Chestertown, MD, October 11, 2005 — Washington College's C.V. Starr Center for the American Experience, the Departments of Sociology and Anthropology, and Sultana Projects, Inc., present "Not Entirely Welcome: Indian Responses to English Arrival in the Chesapeake," a lecture by Helen Rountree, author of Pocahontas, Powhatan, Opechancanough: Three Indian Lives Changed by Jamestown,Thursday, October 27, at 7:30 p.m. in the College's Hynson Lounge. The free event is open to the public and will be followed by a book signing.
A nationally recognized expert on East Coast Indian tribes, Rountree will discuss the turbulent relationship between Algonquians who inhabited the Chesapeake Bay region and the English settlers of Jamestown who established their foothold in 1607, and explore the cultural misunderstandings and differences that led to tremendous bloodshed on both sides.
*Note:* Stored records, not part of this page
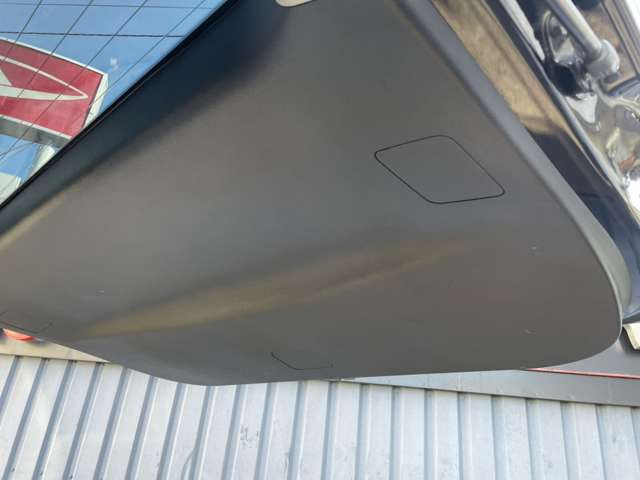 UJ0048099883_42_001.jpg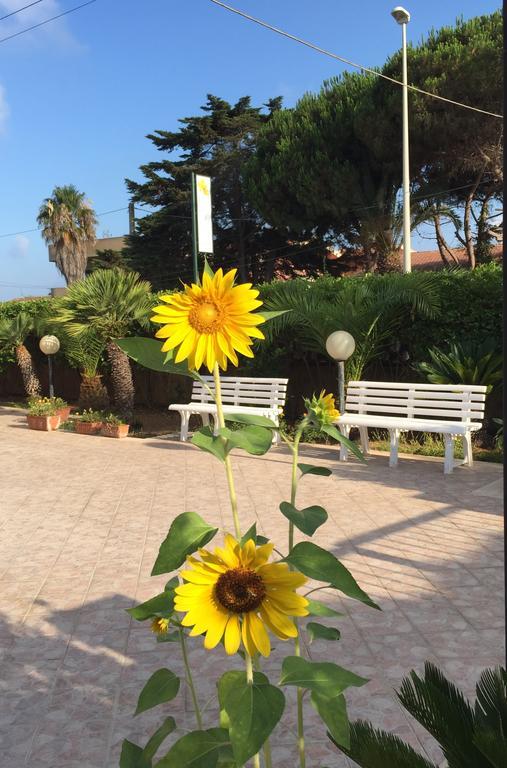 B&B Fiori Gialli Caucana Санта Кроче Камерина Екстериор снимка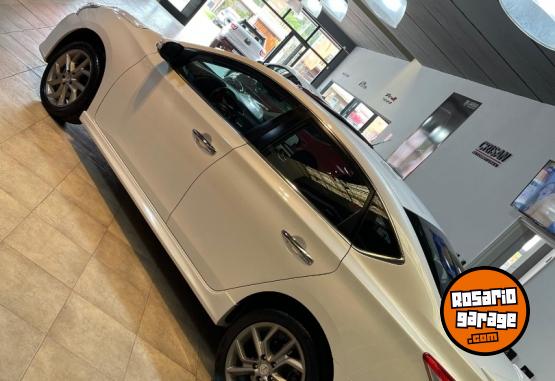 Autos - Nissan Sentra SR 2016 Nafta 280000Km - En Venta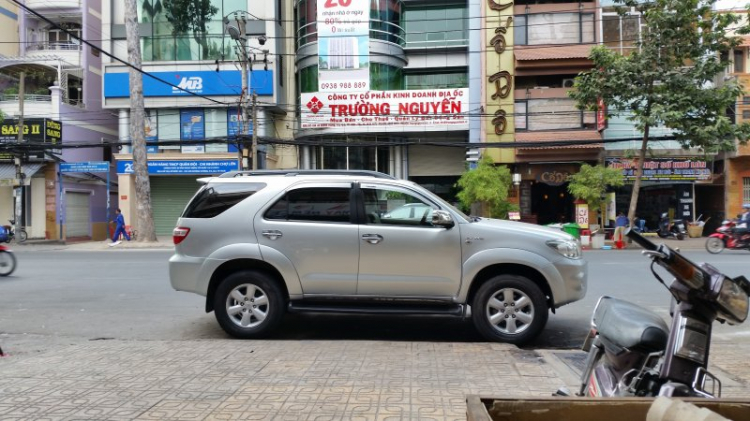 Đánh giá xe Toyota Fortuner 2009 đã đi 135.000 km từ thành viên Otosaigon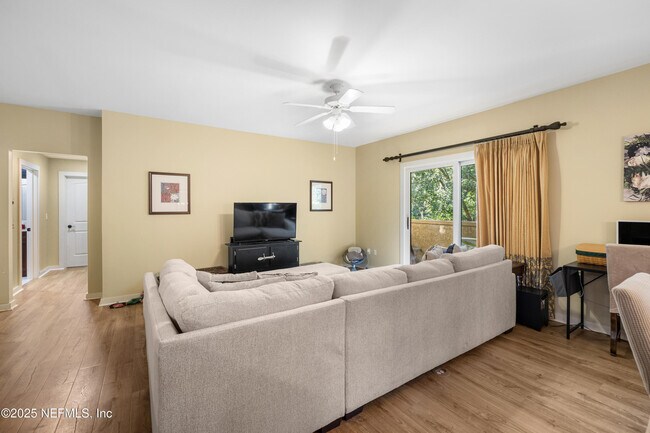 Building Photo - 945 Registry Blvd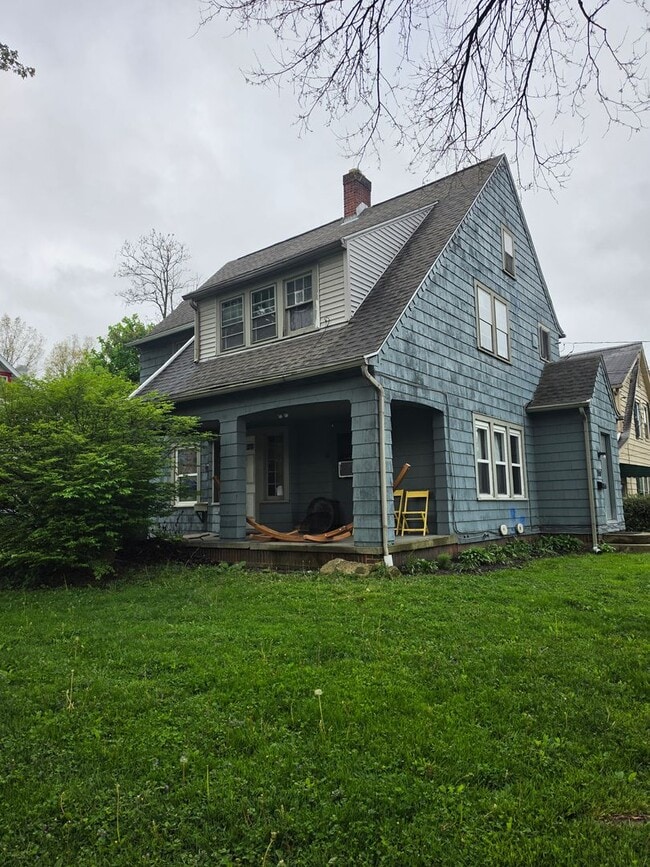 Building Photo - 338 E College Ave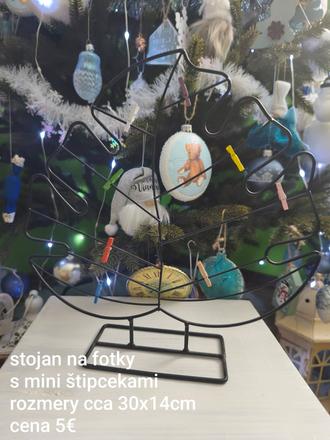 Stojan na fotky so štipcekami,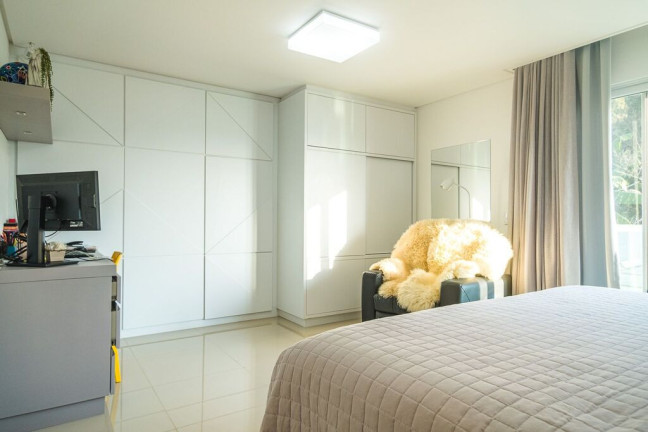 Imagem Casa com 4 Quartos à Venda, 511 m² em Pantanal - Florianópolis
Rountree served as a consultant for the Time-Life series on American Indians and for the PBS series, Land of the Eagles.
When Disney Studios released the 1995 movie, Pocahantas, Rountree subsequently devoted many interviews to debunking the myths surrounding the young girl who, today, plays such a pivotal role in the American imagination. After 31 years of teaching, Rountree is now Professor Emerita of Anthropology at Old Dominion University and is one of the principal contributors to John Smith's Chesapeake Voyages, 1607-1609, a forthcoming book to be published by the Chesapeake Bay Gateways Network. Due to her work on behalf of Native Americans of the Chesapeake, she was made an honorary member of the Nansemond and Upper Mattaponi tribes.
The lecture is co-sponsored by the C. V. Starr Center for the Study of the American Experience, the Washington College Department of Sociology and Anthropology, and Chestertown's Sultana Projects, Inc., which operates the reproduction 1768 Schooner Sultana and conducts educational cruises and outreach programs to promote and foster a greater appreciation for the Chesapeake Bay's history and environment.
Washington College's C. V. Starr Center—drawing on the special historical strengths of Washington College and Chestertown—is dedicated to exploring the early republic, the rise of democracy, and the manifold ways in which the founding era continues to shape American culture.